A law firm’s blog, which compares Uruguayan footballer Luis Suarez’s habit of biting members of the opposing team to the actions of high-performing but “insubordinate” academics, has attracted widespread online criticism.
In a post on Going Further and Higher, a blog by lawyers SGH Martineau, senior associate in the firm’s employment team David Browne draws comparisons between the way Suarez’s current employers Liverpool Football Club and the Uruguayan national team initially defended the striker after he appeared to sink his teeth into Italian defender Giorgio Chiellini, and the way universities sometimes tolerate talented but outspoken academics.
“Universities and colleges may…encounter high performing employees who, although academically brilliant, have the potential to damage their employer’s brand,” the blog says.
It adds that such damage could be caused by “outspoken opinions or general insubordination” such as a “failure to comply with the reasonable requests of an employer, or other behaviour such as bullying or harassment of colleagues”, concluding that although institutions might hope that such behaviour could be “curbed without sanction, in reality the problems will persist, needing to be addressed further down the line”.
The blog has since been updated to state that its recommendations only apply to opinions and insubordination that “fall outside the lawful exercise of academic freedom or freedom of speech more widely”.
Martin McQuillan, dean of arts and social sciences at Kingston University, was one of a number of academics who took to Twitter to voice their concern.
He described it as “disgraceful” to “equate academic freedom with misconduct”.
“Football players aren’t paid to be critical, academics are,” added Helen Webster (@scholastic_rat), an academic at Anglia Ruskin University. “Unprofessional behaviour is one thing, this is different.”
On the Campaign for the Public University blog, John Holmwood, professor of sociology at the University of Nottingham, highlights that a clause in the Education Reform Act states that scholars must have “freedom within the law to question and test received wisdom, and to put forward new ideas and controversial or unpopular opinions, without placing themselves in jeopardy of losing their jobs or privileges they may have at their institutions”.
“The relevant test is within the ‘law’, not within the managerial definition of ‘brand protection’,” Professor Holmwood writes.
Smita Jamdar (@smitajamdar), head of education at SGH Martineau tweeted that the blog “wasn’t about academic freedom… It was about misconduct”.
In a Twitter exchange with the Public University blog (@public_uni) and Adam Hedgecoe (@AdamHedgecoe), a professor in the School of Social Sciences at Cardiff University, Ms Jamdar said Mr Browne’s post was “exploring what happens when people stray outside the freedoms permitted by their respective positions”.

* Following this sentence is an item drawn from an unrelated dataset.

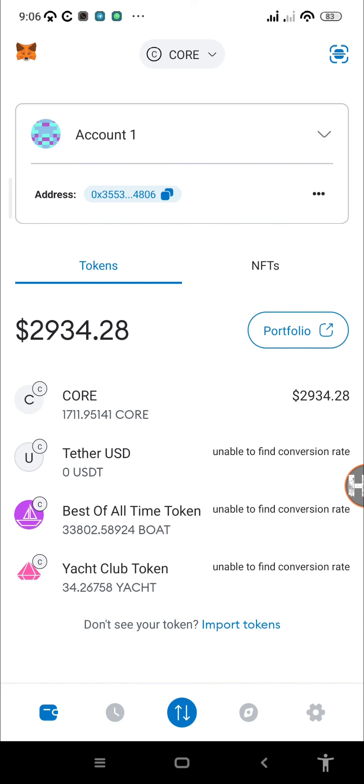It's basically Web3 wallets. MetaMask is one of the Web3 wallets and it's actually the most recommended one. Other examples of EVM wallets are like Trust Wallet, you also have some Web3 wallets from exchanges like OKX and also Bitget. But the one that I would recommend is MetaMask.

When Professor Hedgecoe questioned whether “physical assault” – referring to Suarez’s bite – was an appropriate metaphor, Ms Jamdar said they would have to “agree to disagree”.
In a clarification added to the SGH Martineau blog, Mr Browne writes: “This blog has attracted rather a lot of attention on twitter, and has been interpreted by some as suggesting that the exercise of academic freedom might amount to misconduct.
“That was never the intention of the piece and we are happy to clarify that the lawful exercise of academic freedom does not amount to misconduct.
“However there may be circumstances where opinions and/or behaviour fall outside the lawful exercise of academic freedom and in these cases questions of misconduct may arise.”